Post-Incorporation Essentials: Key Compliance Steps for New Businesses

Incorporating your company is just the beginning. Once your business is legally established, several post-incorporation compliance requirements must be fulfilled to ensure your company remains in good standing.

These compliance tasks vary based on the nature of your business and the regulatory environment you operate in, much like adding the final touches to a newly constructed house. Understanding and addressing these requirements will keep your business running smoothly and efficiently.

Here’s a comprehensive overview of the essential post-incorporation compliance tasks you need to complete:

01.

Internal Compliances - Companies Act, 2013

Once your company is officially registered, several legal requirements must be fulfilled to ensure proper governance and operational readiness.

Board Meeting

The first task is to convene a board meeting within 30 days of incorporation. This meeting must be announced with a notice and agenda sent to all Directors at least 7 days in advance.

Certificate of Commencement

To begin business operations, you must obtain a Certificate of Commencement of Business. This involves two key declarations:

  • Form INC 20A: Confirm that all subscribers to the Memorandum of Association have paid for their shares. File this within 180 days from incorporation.

  • Form INC 22A: Verify your registered office address if not done during registration. Submit this form within 30 days of receiving the registration.

Appointment of Statutory Auditor

You must appoint a Statutory Auditor within 30 days of incorporation.
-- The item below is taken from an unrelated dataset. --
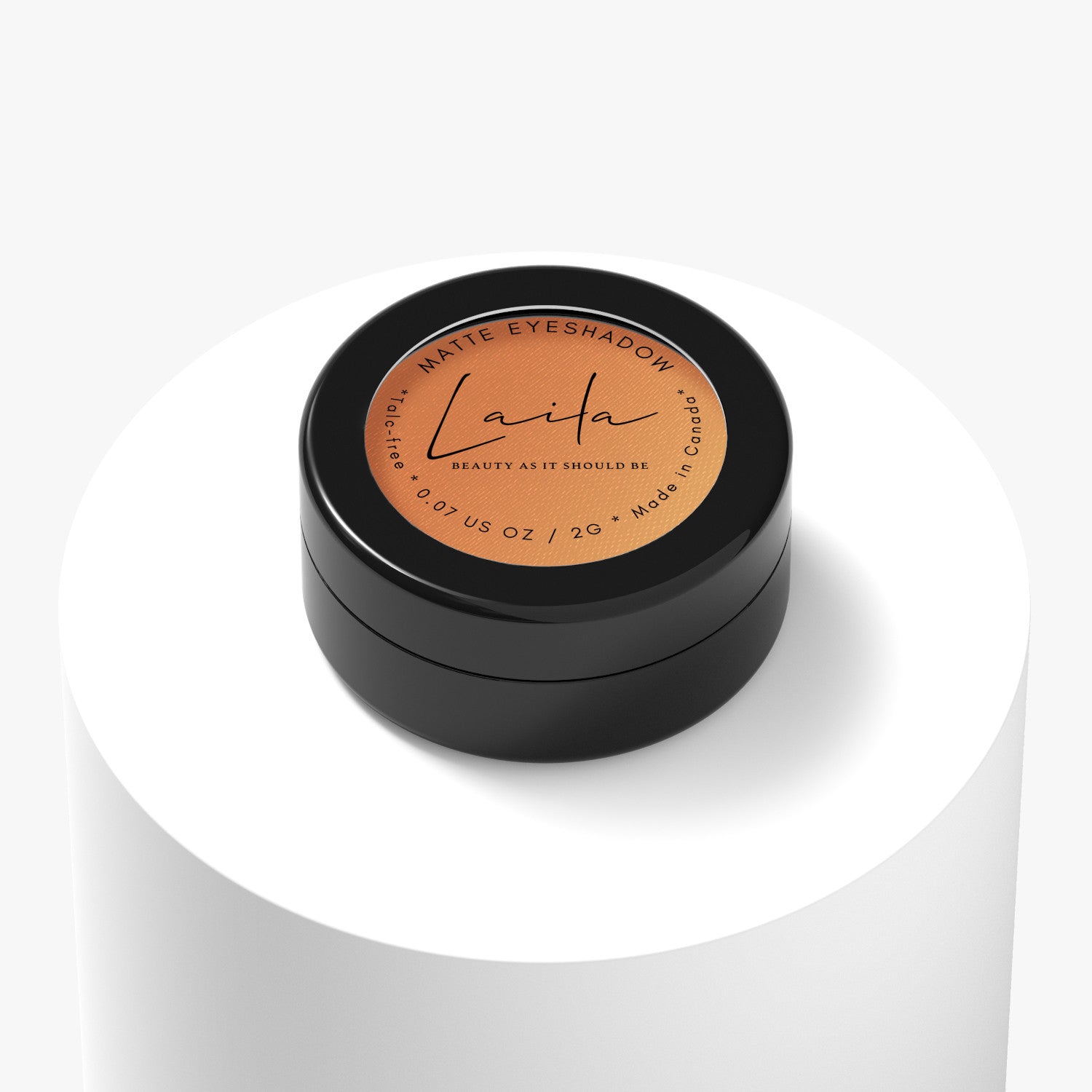Belize - Eyeshadow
If you miss this deadline, the appointment must occur within 90 days of an Extraordinary General Meeting. Ensure the chosen auditor provides written consent and meets legal qualifications.
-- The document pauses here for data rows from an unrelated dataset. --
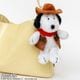 SNOOPY 2026 �� �����ܡ������̡��ԡ��Τ̤�����ߥݡ��� BOOK
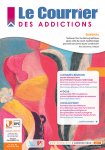 TDAH et addictions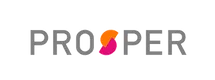 Prosper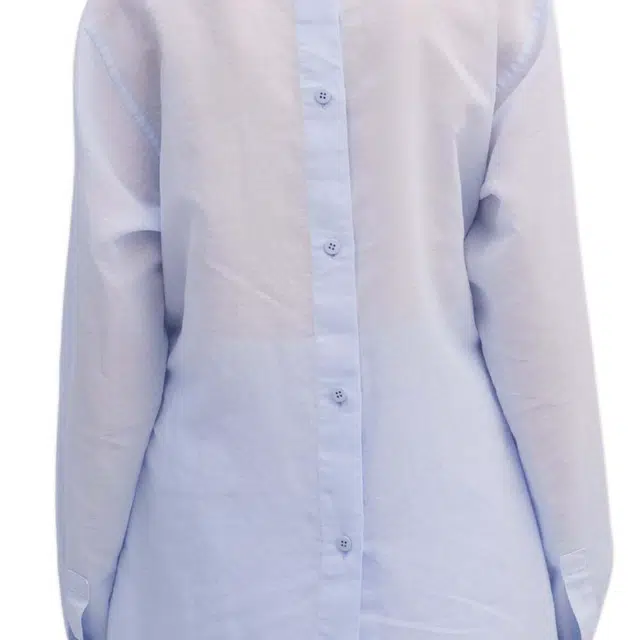 ISSEY MIYAKE SS25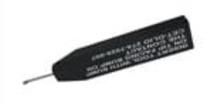 CET-DL-10  Tools & Supplies
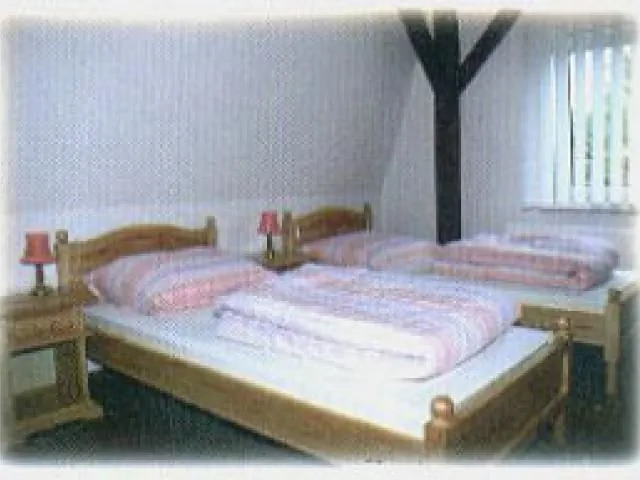 PARK-HOTEL ŚWIDNICA – Świdnica, Polska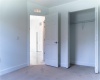 339 DRUM COURT, POINCIANA, Florida 34759, 4 Bedrooms Bedrooms, ,2 BathroomsBathrooms,Residential,For Sale,DRUM,O6004819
Issue of Share Certificate

Share certificates must be issued to the subscribers within 60 days of incorporation. Additionally, pay the applicable stamp duty within 30 days from the date of issuance. For states allowing e-stamping, this can be done online.

Disclosure of Interest by Director

File Form MBP-1 to disclose any directorships or interests in other companies or entities that the first Directors hold.

Books of Accounts

Maintain detailed financial records in line with Indian Accounting Standards at your registered office.

Registers

Keep updated registers for Shareholders, Debenture Holders, and other Security Holders. For dematerialized shares, use the depository’s register.

02.

Employee-Related Compliances

As you start building your team, several important regulations must be followed to ensure fair and legal employment practices.

Labour Laws

To ensure compliance with statutory labour laws, you need to adhere to regulations on wages, working hours, provident funds, and more. The Startup India scheme allows for self-certification under six key labour laws, offering a streamlined process for new companies:

  • Employees State Insurance Act, 1948
  • Employee Provident Fund and Miscellaneous Provisions Act, 1952
  • The Payment of Gratuity Act, 1972
  • The Building and Other Construction Workers’ (Regulation of Employment and Conditions of Service Act, 1996)
  • The Contract Labour (Regulation and Abolition) Act, 1970
  • The Inter-State Migrant Workmen (Regulation of Employment and Conditions of Service) Act, 1979

Employment Contracts/Agreements

While inspections are waived for the first year under this scheme, subsequent compliance returns must be filed as required. 

Drafting clear contracts is essential for managing relationships with employees, vendors, and other stakeholders. Key agreements include:

  • Offer Letter: Details the terms of employment and is executed on stamp paper, with state-specific stamp duty.

  • Intellectual Property (IP) Agreement: Ensures ownership of IP created by employees during their tenure.

  • Non-Disclosure Agreement (NDA): Protects confidential information, available in Mutual or One-Sided forms, with a standard stamp duty of Rs. 100 in most states.

Employee Stock Option Plan Employee Stock Option Plan

Establish an ESOP to motivate and retain employees. Ensure your Articles of Association allow for ESOPs, get shareholder approval, and possibly form a compensation committee to design the plan. Typical ESOP pools range from 5% to 15% of the company’s equity.

03.

Other Compliances

As your business grows, additional legal requirements may come into play.

Import Export Code (IEC)

Apply for an IEC to engage in international trade. You can submit your application online at DGFT or offline using Form ANF-2A. Required documents include:

  • Bank account details and banker’s certificate
  • Applicant’s photograph
  • Company’s incorporation documents, PAN copy, and board resolution extract
  • Form 18 for changes to registered office, if applicable

Environmental Laws

Ensure compliance with environmental regulations to manage emissions, waste, and resource use. Startups can use a self-certified declaration under three environmental laws for simpler compliance.

Intellectual Property

Protect your business ideas and innovations through trademarks, patents, and copyrights. For registered startups, the application process for IP protections is simplified, with the government covering certain registration costs.

Navigating the post-incorporation phase may seem complex, but addressing these requirements early sets a strong foundation for your company’s future success. By staying on top of these legal obligations, you can focus on growing your business and achieving your long-term goals.